BRIEF →
Go to the line containing "Копринена блуза без" below; retype it and all following lines exactly, and leave out the pictures.

"""

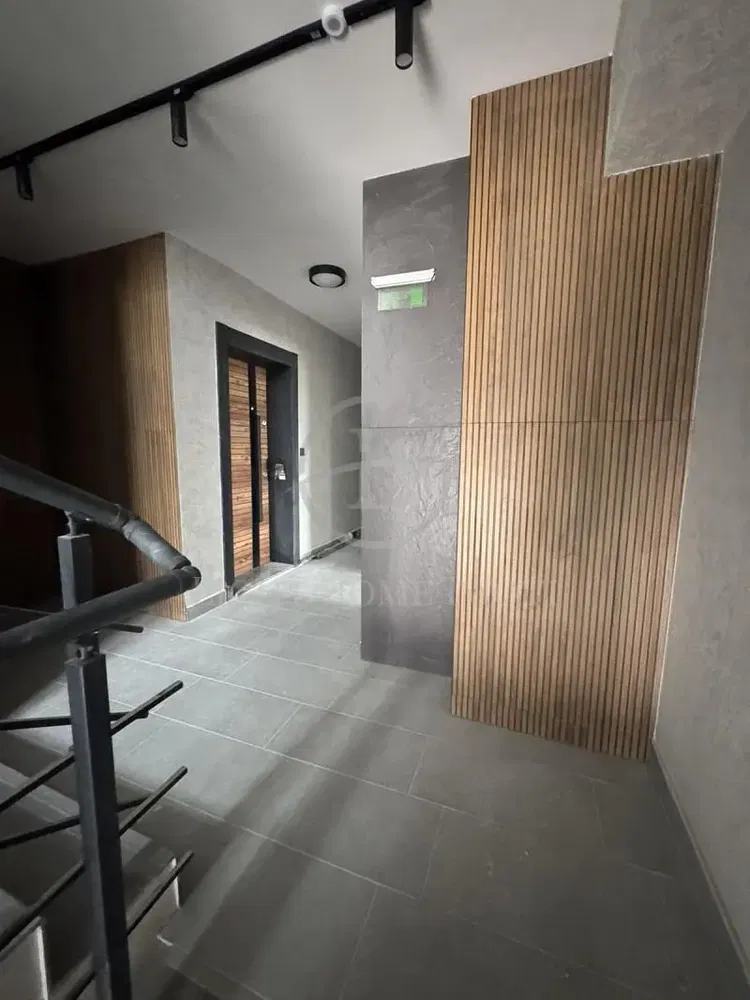 أخرى; أرضية من البلاط, عوارض خشبية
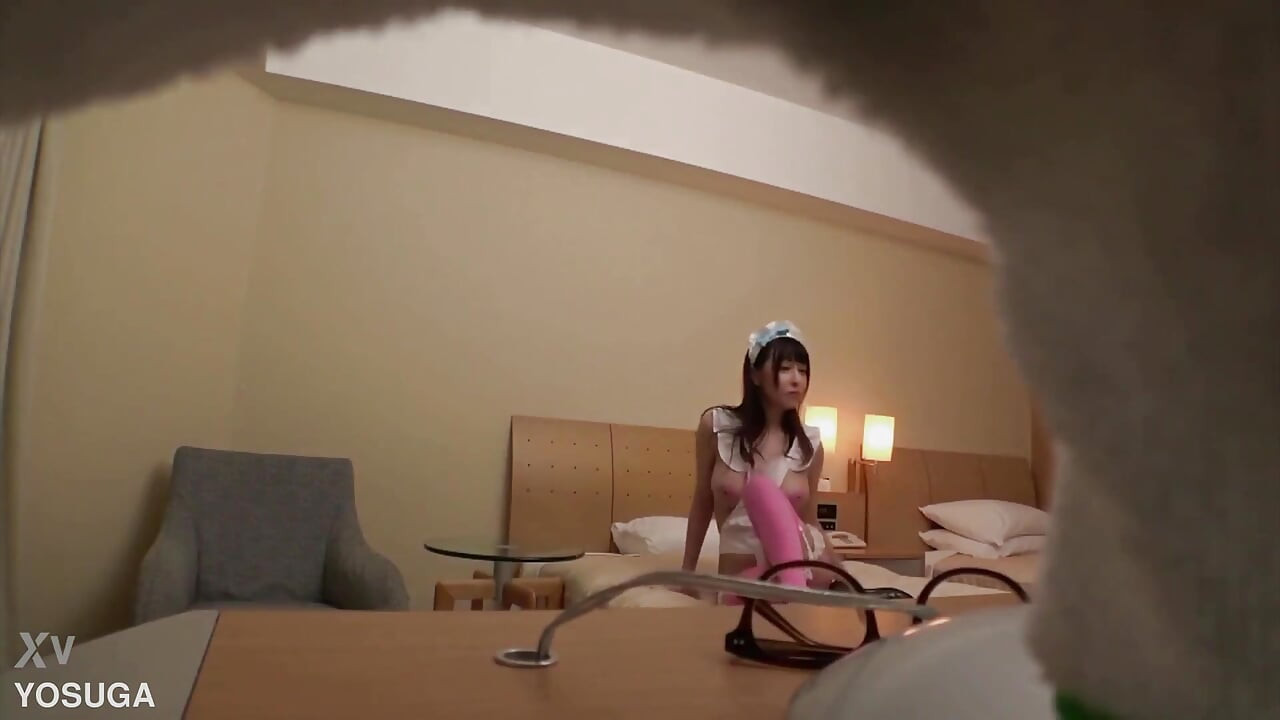 [new Cosplayer Hunting] Former Gravure Idol with H-cup Breasts and No Prior Photo Shoot Experience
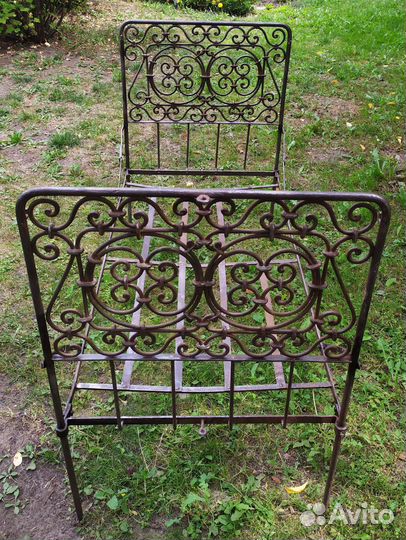 Старинная детская кованая кровать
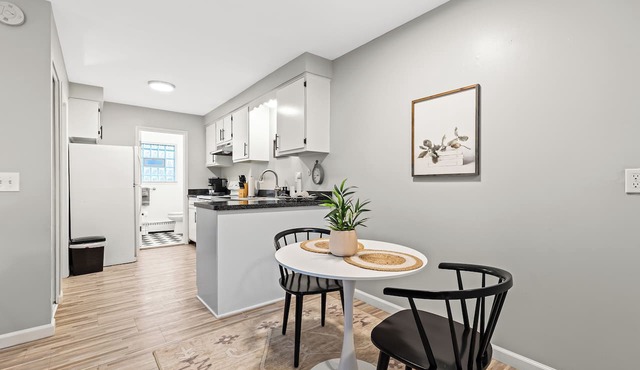 Quiet Cozy End Unit Near Mt. Clemens Downtown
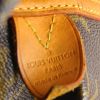 Bolso de mano Louis Vuitton en cuero natural y lona Monogram - Detail D3 thumbnail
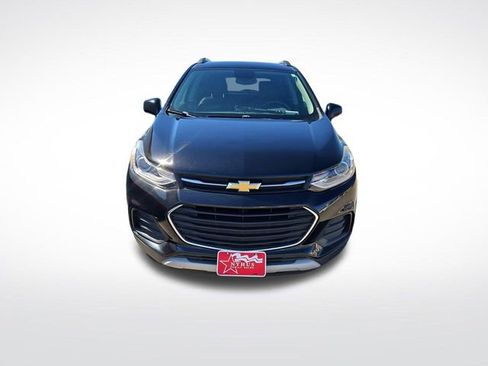 Used 2019 Chevrolet Trax LT w/ LT Convenience Package FWD image 2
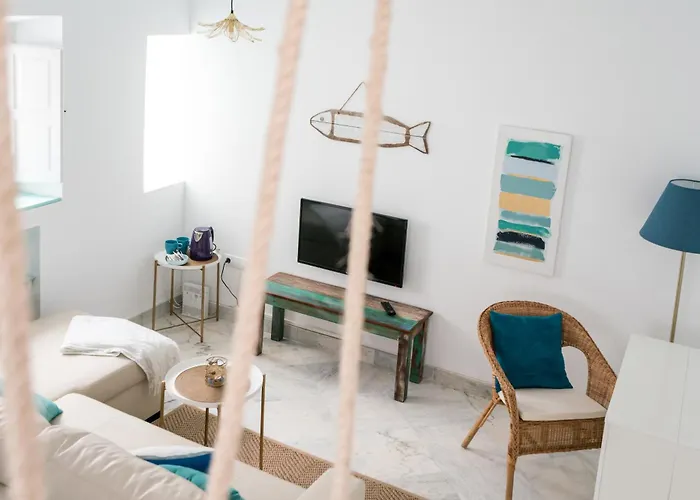 Fantastico Atico En El Casco Antiguo En A La Playa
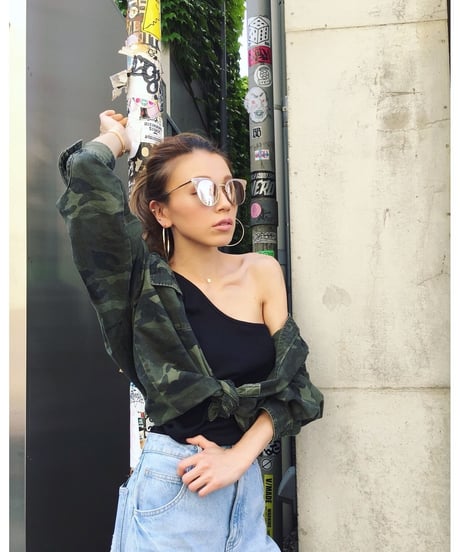 ONE SHOULDER TOPS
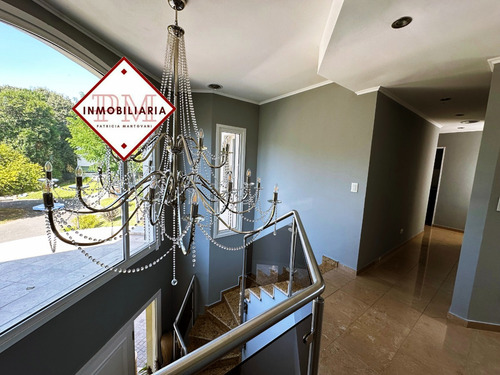Hermosa Propiedad En Venta En El Corazón Del Barrio Privado Fincas De Iraola 1 - Con Piscina!!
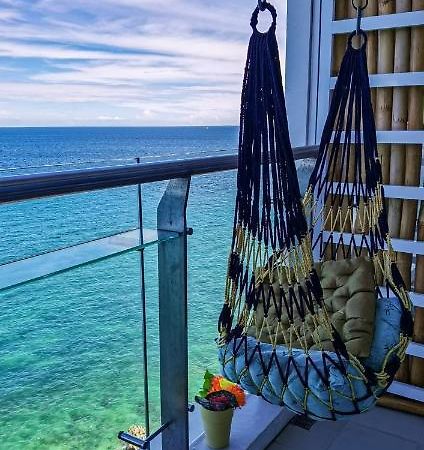 Oceanfront At Arterra, Fast Wifi, Nflix, Kitchen - B Or G Villa Isla de Mactán Exterior foto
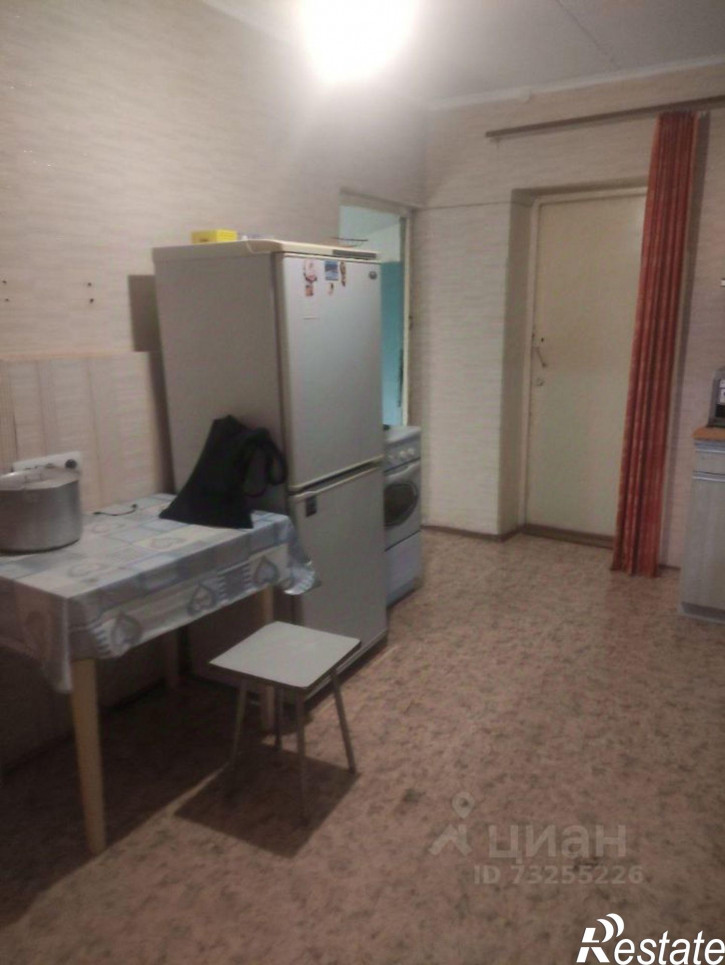 Комната улица Пермитина, 24А,  д. 24А
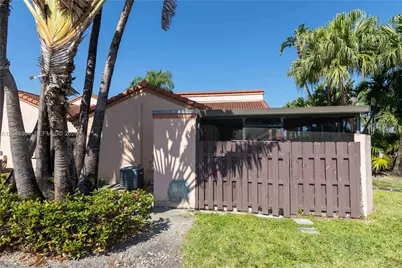 17059 NW 60th Ct, Hialeah, FL 33015 - Photo 11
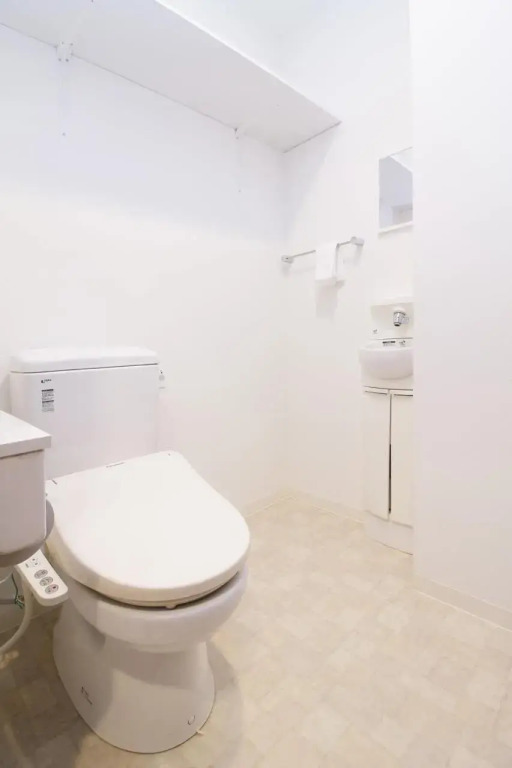 bHOTEL246 Large 2BR Apt 10PPL near Peace Park 301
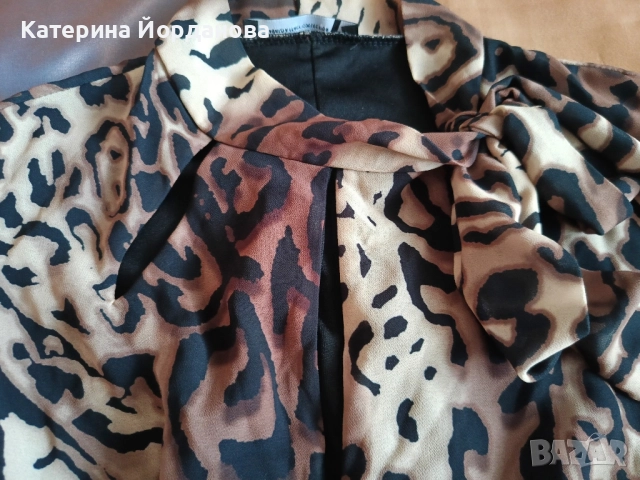 Копринена блуза без ръкави, снимка 2 - Корсети, бюстиета, топове - 52372270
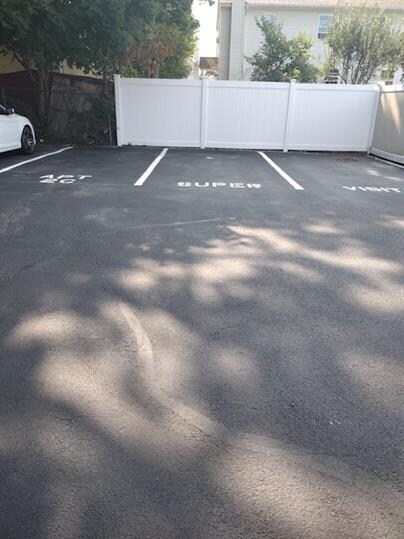 Building Photo - 254 Stewart Ave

"""

OUTPUT →
 Копринена блуза без ръкави, снимка 2 - Корсети, бюстиета, топове - 52372270
 Building Photo - 254 Stewart Ave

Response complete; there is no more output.